A site search that cannot find “EPD” is like a library that whispers.
Checklist 5: External research channels show your docs
Most architects validate off‑site before they shortlist. Meet them there.
- A Google query for “{product name} EPD” returns your product page or a direct file within the first screen.
- Program operator listings reference your exact product names and link back correctly.
- Major spec libraries or product directories list the document in the right category.
Use structured filenames and consistent product naming to avoid orphaned results.
Checklist 6: Document hygiene prevents second guessing
Trust lives in the details.
- Each PDF shows a clear issue date, version, program operator, and verification status on page one.

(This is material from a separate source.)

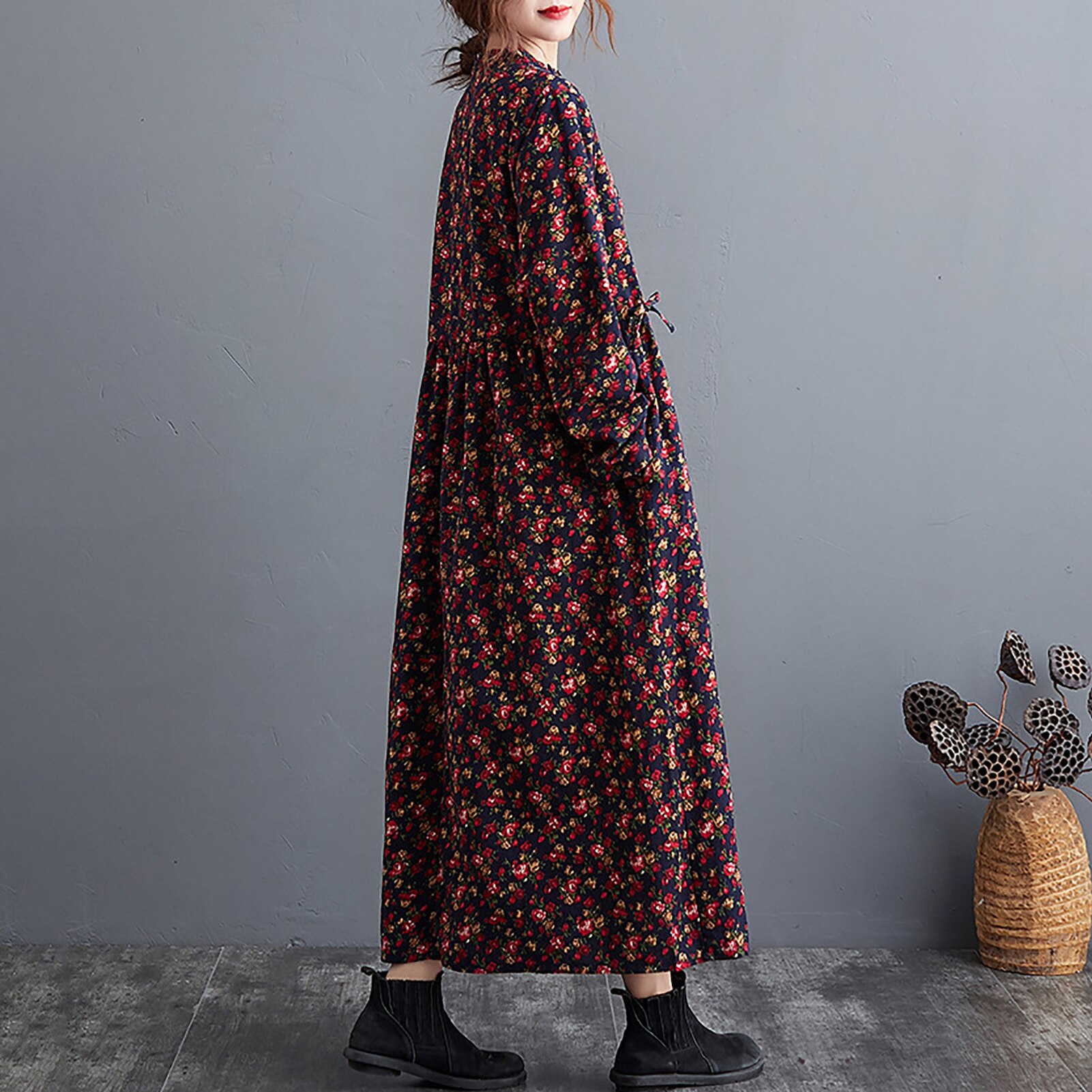 Vintage imprimé fleuri femmes robe coton lin plissé O cou taille cordon à manches longues poche latérale robes décontractées en vrac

- The product name and variant match the website exactly, including finishes or densities.
- Internal redirects avoid 404s and old links still resolve gracefully.
Small inconsistencies create big doubt, and doubt kills momentum.
Checklist 7: Speed, size, and accessibility
Files should open fast and be readable by everyone.
- PDFs load in under two seconds on a standard connection and stay under a reasonable file size.
- Text is selectable, tagged for accessibility, and searchable.
- Language variants are grouped so international teams are not forced to guess.
Slow pages feel like a tax. People will not pay it.
Checklist 8: Analytics and ownership
If no one owns findability, no one improves it.
- Track clicks on EPD links and on‑page search queries as events.
- Review top internal searches weekly to fix dead ends and rename links.
- Assign a single owner for document governance with a quarterly checklist review.
What gets measured gets maintained, and what gets ignored gets messy, fast.
Score it and expose the revenue leak
Give each checklist item 1 point for a pass, 0 for a fail. A score under 80% signals material leakage, because high‑intent researchers are abandoning before sales ever sees them. If you prefer a weighted view, double the points for product‑page visibility and site search, since those two drive the majority of discovery behavior in our testing. This is the kind of fix that pays back quickly, sometimes within one bid cycle, sometimes sooner.
Seven quick fixes that usually ship in a week
- Add an on‑page “Documents” block to every SKU template and place EPDs next to technical datasheets.
- Rename files with product name, version date, and language to improve search relevance.
- Create a dedicated “Environmental Documents” landing page that lists all EPDs with filters.
- Reindex PDFs and enable synonyms for EPD, LCA, HPD in site search.
- Update program operator listings with current product names and working backlinks.
- Move EPD links above the fold on mobile and desktop templates.
- Set analytics events on downloads and internal searches to catch friction in real time.
Tie it to what specs reward
LEED v5 and owner carbon targets make transparency a selection filter, not a nice‑to‑have. The study data shows architects want sustainable options and start on brand sites, yet they often struggle to find what they need. Make EPDs obvious on product pages, speak the language of search, and appear in external research channels. Do that and the spec math tilts your way. Skip it and the leak continues, silently, alot.